• EXERCISE DESCRIPTION: Write out, exactly as they stand, the line containing "zdjęcie 2 Anssems" and all subsequent lines up to and including the final line of the records.

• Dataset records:
━━━━━━━━━━━━━━━━━━━━━━━━━━━━━━
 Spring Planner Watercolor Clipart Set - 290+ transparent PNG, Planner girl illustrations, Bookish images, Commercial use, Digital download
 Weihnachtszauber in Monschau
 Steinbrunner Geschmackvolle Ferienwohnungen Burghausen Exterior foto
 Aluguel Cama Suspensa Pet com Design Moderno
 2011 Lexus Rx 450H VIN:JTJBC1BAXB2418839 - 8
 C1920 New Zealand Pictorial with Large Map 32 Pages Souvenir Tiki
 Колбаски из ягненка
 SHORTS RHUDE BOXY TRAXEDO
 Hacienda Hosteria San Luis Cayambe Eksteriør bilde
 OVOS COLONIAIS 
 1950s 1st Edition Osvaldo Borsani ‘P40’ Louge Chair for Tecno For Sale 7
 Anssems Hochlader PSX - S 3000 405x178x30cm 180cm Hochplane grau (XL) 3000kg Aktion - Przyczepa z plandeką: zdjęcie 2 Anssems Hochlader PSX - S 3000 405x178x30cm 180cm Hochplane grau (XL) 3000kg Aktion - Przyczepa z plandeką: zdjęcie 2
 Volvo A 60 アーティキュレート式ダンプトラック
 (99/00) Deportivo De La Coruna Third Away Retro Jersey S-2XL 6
━━━━━━━━━━━━━━━━━━━━━━━━━━━━━━
• RESULT BELOW:
 Anssems Hochlader PSX - S 3000 405x178x30cm 180cm Hochplane grau (XL) 3000kg Aktion - Przyczepa z plandeką: zdjęcie 2 Anssems Hochlader PSX - S 3000 405x178x30cm 180cm Hochplane grau (XL) 3000kg Aktion - Przyczepa z plandeką: zdjęcie 2
 Volvo A 60 アーティキュレート式ダンプトラック
 (99/00) Deportivo De La Coruna Third Away Retro Jersey S-2XL 6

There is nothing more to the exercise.